The ground bark was then imported to Europe and quickly prized. But Peru prohibited exporting Cinchona seeds. So, as colonialism and hard-drinking officers created more need, the supply of Peruvian Cinchona bark could not keep up with demand. Prices sky rocketed - at one point, the cost of the bark powder was its weight in gold - and the bark was over harvested. The Cinchona tree became nearly extinct.
In 1862, Charles Ledger smuggled Cinchona seedlings out of Peru and sold them to the Dutch government. Holland set up large plantations in Java, their colony in Indonesia.
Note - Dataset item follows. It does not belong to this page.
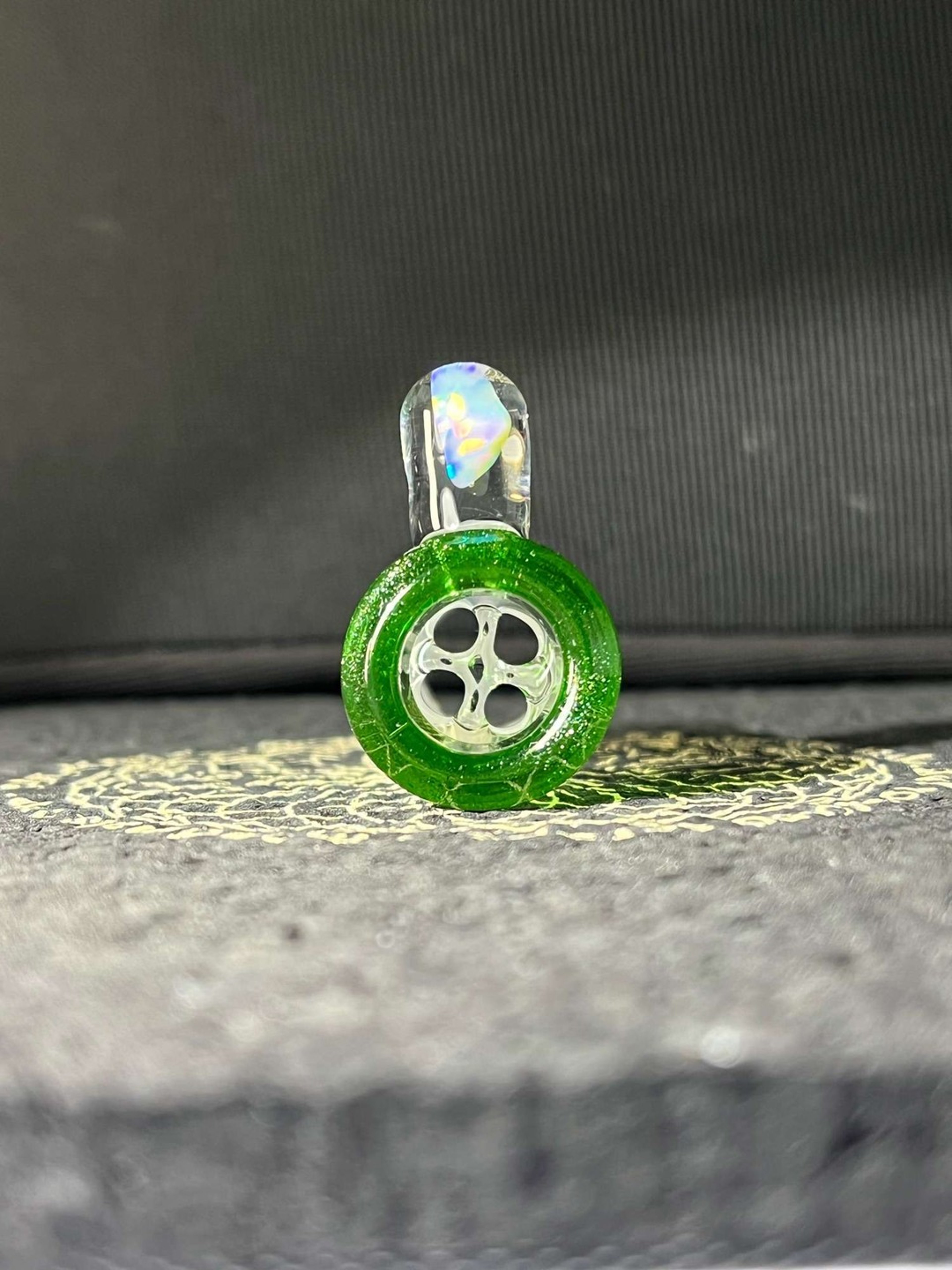 Preview pic of 18mm Green Stardust 4 hole slide 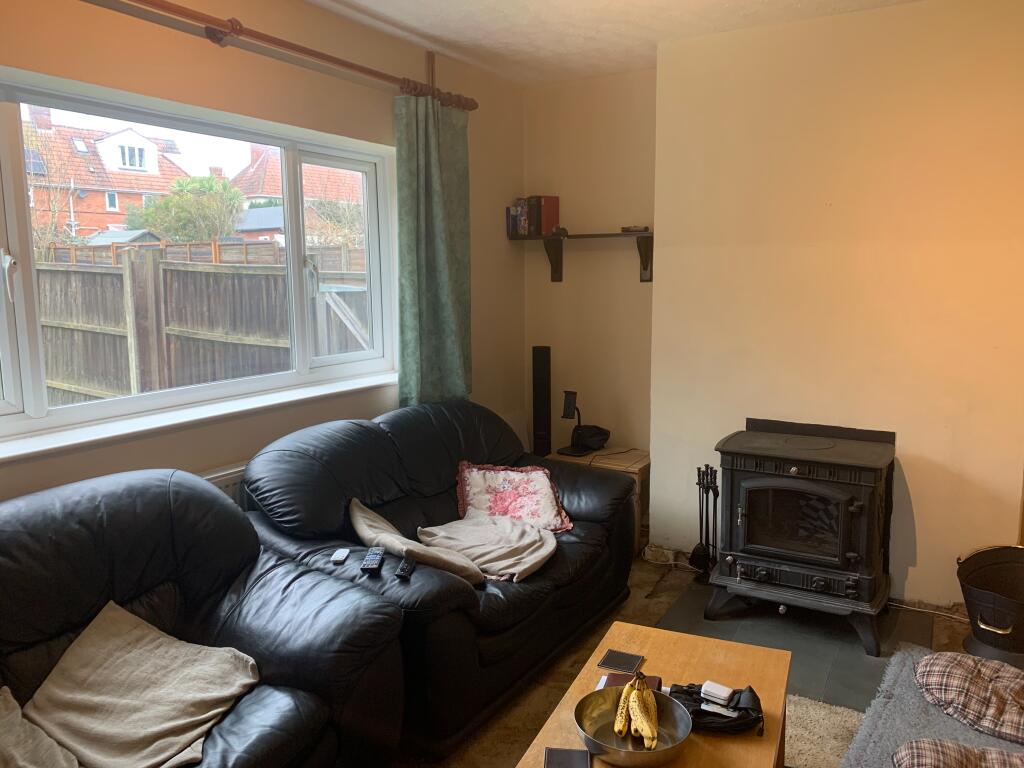 1 Westfield Grove, Yeovil, Somerset, BA21 photo 4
In later years synthetic quinine was used but Q Tonic has returned Peruvian quinine to the essence of tonic water. Q Tonic uses the hand picked hand-picked quinine and Mexican organic agave in their tonic water. The agave is a sweetener and gives the tonic a slightly earthy flavour.
Other tonics which have returned to quinine are Stirrings and Fever-Tree. Stirrings make a range of tonics with triple purified, coal filtered water infused with "Champagne" carbonation. Their tonic is made with triple purified water, cane sugar and extracts of cinchona bark. They also produce Lavender, Rosemary, Basil and Rose Essences.
Fever-Tree takes its name from the Cinchona and is an award winning tonic water. Its co-founders Chris Rolls and Tim Warrillow decided to make a tonic after a tonic tasting event to choose the best tonic to mix with Plymouth Gin. They discovered that:
“all the UK tonics contained artificial sweeteners such as saccharin . . . that all the American mixers used high fructose corn syrup and that . . .the use of cheap lemon aromatics (like decanal) was universal, and without exception all were preserved with sodium benzoate or similar substance.”
Quite rightly they point out that “What was the point of the premium gin, vodka, whisky and rum companies making excellent spirits if they were to be served up with mixers of such poor quality that the whole drinking experience was compromised?”